Because of the major to dataset visualisation we are gathering feedback to ensure this is the ideal solution across all clients and ensure all options are explored. If you have questions, recommendations, feedback or would like to offer you approval of the change please comment below.
In summary, they have a large dataset call the “Human Services Dataset (HSDS)” that includes over 100 distributions, and are looking for solutions to capture a data model for these tables and file.
However, the the two layer Dataset / Distribution model from DCAT and ISO11179 isn’t sufficient for recording the complexity of some large data assets.
The challenge:
The HSDS current contains 136 distributions shown sequentially and takes between 5-10 to load.

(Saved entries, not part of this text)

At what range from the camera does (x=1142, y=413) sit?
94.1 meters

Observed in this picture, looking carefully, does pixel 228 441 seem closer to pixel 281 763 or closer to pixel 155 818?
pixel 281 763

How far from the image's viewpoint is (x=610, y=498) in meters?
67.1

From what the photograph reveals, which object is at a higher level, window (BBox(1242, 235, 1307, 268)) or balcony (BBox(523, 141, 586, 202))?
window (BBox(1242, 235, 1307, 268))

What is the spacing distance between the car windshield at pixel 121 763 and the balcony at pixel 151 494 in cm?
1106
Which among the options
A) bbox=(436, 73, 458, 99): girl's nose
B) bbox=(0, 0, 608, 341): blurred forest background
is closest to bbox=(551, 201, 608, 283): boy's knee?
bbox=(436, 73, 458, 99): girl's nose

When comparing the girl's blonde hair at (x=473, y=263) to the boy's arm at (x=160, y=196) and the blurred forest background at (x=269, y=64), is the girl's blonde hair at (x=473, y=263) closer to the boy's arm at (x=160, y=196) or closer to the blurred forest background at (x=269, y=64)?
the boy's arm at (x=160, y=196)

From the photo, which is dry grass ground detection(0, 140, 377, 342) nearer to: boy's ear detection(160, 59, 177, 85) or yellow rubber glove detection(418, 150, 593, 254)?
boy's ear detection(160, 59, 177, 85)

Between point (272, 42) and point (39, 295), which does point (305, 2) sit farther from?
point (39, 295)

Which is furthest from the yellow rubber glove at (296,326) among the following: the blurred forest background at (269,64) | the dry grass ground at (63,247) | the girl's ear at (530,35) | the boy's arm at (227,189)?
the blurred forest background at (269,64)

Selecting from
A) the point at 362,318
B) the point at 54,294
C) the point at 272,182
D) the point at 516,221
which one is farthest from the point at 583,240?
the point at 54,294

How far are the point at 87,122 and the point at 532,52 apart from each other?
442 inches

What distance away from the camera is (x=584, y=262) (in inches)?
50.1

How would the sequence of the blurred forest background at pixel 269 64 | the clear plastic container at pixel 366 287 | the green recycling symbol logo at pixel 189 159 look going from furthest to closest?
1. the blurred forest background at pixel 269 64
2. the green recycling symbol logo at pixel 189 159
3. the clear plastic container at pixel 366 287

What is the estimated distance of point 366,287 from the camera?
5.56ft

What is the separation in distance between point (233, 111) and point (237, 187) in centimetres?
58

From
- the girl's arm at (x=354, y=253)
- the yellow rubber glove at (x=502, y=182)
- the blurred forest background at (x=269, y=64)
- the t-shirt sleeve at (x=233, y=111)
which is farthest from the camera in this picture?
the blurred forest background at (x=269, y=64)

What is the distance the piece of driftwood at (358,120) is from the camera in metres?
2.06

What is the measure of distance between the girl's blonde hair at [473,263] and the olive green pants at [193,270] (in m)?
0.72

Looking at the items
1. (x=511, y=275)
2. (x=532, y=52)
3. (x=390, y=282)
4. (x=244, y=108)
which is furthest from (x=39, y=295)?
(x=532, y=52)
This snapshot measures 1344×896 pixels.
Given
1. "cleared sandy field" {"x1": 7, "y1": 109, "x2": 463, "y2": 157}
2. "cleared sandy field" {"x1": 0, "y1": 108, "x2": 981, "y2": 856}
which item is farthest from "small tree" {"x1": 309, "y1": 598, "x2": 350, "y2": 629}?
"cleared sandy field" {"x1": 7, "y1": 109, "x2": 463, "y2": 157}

To resolve this, the Family and Community Services Insights and Analyics area has developed a collection that holds the hierarchy of the dataset to make it easier to browse. However this puts critical information about the dataset outside the governance process.
There is also a further challenge that when viewing a dataset within a Tablion Data Portal the hierarchy is not able to be synced from a collection.
The suggestion: adding a dataset grouping browser
We are going to add a “Dataset grouping” hierarchy, similar to Data Set Specifications to Datasets to capture a hierarchy of distributions in a way that is easy to manage.
This will add a hierarchical grouping that allows distributions to be structured within a Dataset
to captures semantics of the structure within the page. This will also improves discovery of distributions and improves overall page load speeds and page size.
Proposed change: Screenshot 1: The HSDS is now able to bring in all details into the description within a unified item page.
Proposed change: Screenshot 2: This will move the distributions further down the page into its own “browse panel” within the dataset. Each grouping can have its own metadata, such as a description of a subtable, view or database, and viewing an individual grouping will show all containing groups and distributions.
Proposed change: Screenshot 3: This will also allow only single distributions to be rendered making pages shorter and page loads faster.
Proposed change: Screenshot 4: Adding a hierarchy to the dataset will also allow this to be synced across to a Tablion Data Portal to improve variable selection and discovery:
Alternate options
Alternate option 1:Nested Datasets
DCAT and ISO11179 allow datasets to have relations to other datasets to build a hierarchy, however we have decided not to implement this for two major reasons.
Firstly, nested Datasets will introduce the usability challenge of managing and syncing governance, registration and permission between parent & child datasets. Adding this relation would have made it difficult to know who controlled the hierarchy and what was within the tree. Secondly, this would add technical complexity when syncing between systems as different datasets made not be able to be synced.